The Cape Hardy Advanced Fuels project, which will provide production at scale with up to 10 GW of planned electrolyser capacity, is being developed within Iron Road’s 1,200-hectare Cape Hardy Industrial Port Precinct near Tumby Bay.

Canada-headquartered Amp said the commercial agreements include the purchase of a 630-hectare parcel of land within the industrial precinct for $15.5 million, as well as finalised royalty structure and common-user infrastructure agreements. Adelaide-headquartered Iron Road is entitled to $22.5 million of payments during project development, and royalties on hydrogen produced at the site capped at $426 million.

The Cape Hardy Advanced Fuels Precinct is planned to start with an initial 1 GW phase of electrolyser capacity followed by incremental stages to reach 10 GW of total capacity.
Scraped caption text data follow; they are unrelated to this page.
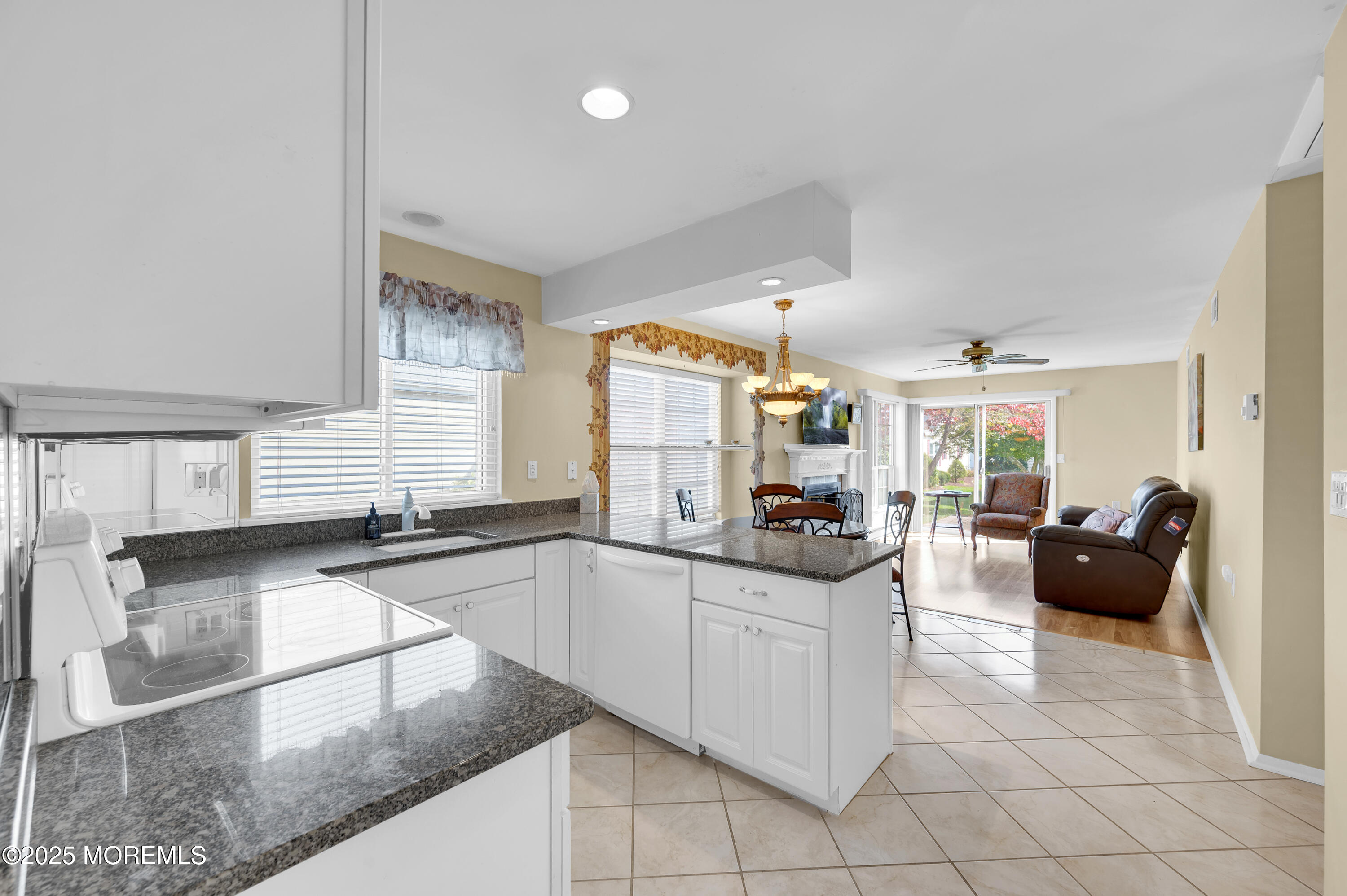 41 Red Hill Road Manchester Township, NJ 08759 - Photo 22 of 39 a large white kitchen with granite countertop a sink and cabinets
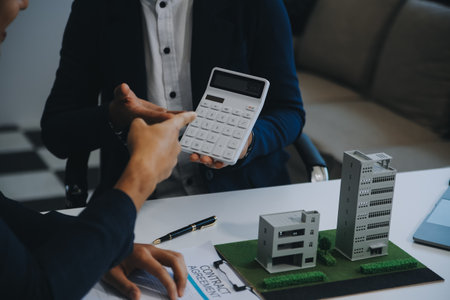 Real estate agent talked about the terms of the home purchase agreement and asked the customer to sign the documents to make the contract legally, Home sales and home insurance concept.の写真素材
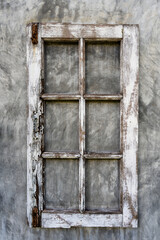 Old wooden frame from a window on a plastered wall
Once fully operational, renewables-based ammonia production is expected to approach 10 million tonnes per annum.

Amp President and co-founder Paul Ezekiel said in addition to green hydrogen and ammonia, the project will allow for the large-scale production of advanced fuels, including methanol, and sustainable aviation fuel.

“We are seeing growing demand for advanced fuels both in Australia and abroad … fuels that will be critical to the energy transition and achieving net zero targets,” he said, adding that it is now “full steam ahead” with the development.

The Cape Hardy Advanced Fuels facility will target both domestic and export markets. To facilitate distribution, the project will be equipped with Australia’s first purpose-built advanced fuels export terminal with Iron Road, which owns a long-life iron ore mining operation at Cape Hardy, developing a deep-sea port facility at the site.

Amp said it has already made significant development progress with the project and is aiming to complete the pre-front end engineering design (FEED) studies for the first 1 GW electrolyser phase over the next nine months.

The company said FEED scoping and contracting is currently underway ahead of awarding the FEED contract in late 2024 or early 2025.

Water for the project is to be sourced from the recently announced Northern Water Supply (NWS) seawater desalination plant that will be located at Cape Hardy.

The federal government earlier this week committed $65 million to partner with the South Australian government and industry to jointly fund a $230 million package of work on the NWS project that would see the construction of a 260 megalitre per day seawater desalination plant at Cape Hardy and approximately 600 kilometres of pipeline to the far north of South Australia.

Early analysis suggests the project has potential to generate more than $5 billion of economic benefit per annum and create 4,000 ongoing jobs in resources and renewables industries.

Amp expects the first 1 GW stage of the Cape Hardy Future Fuels project will create 4,000 direct and 6,000 indirect jobs.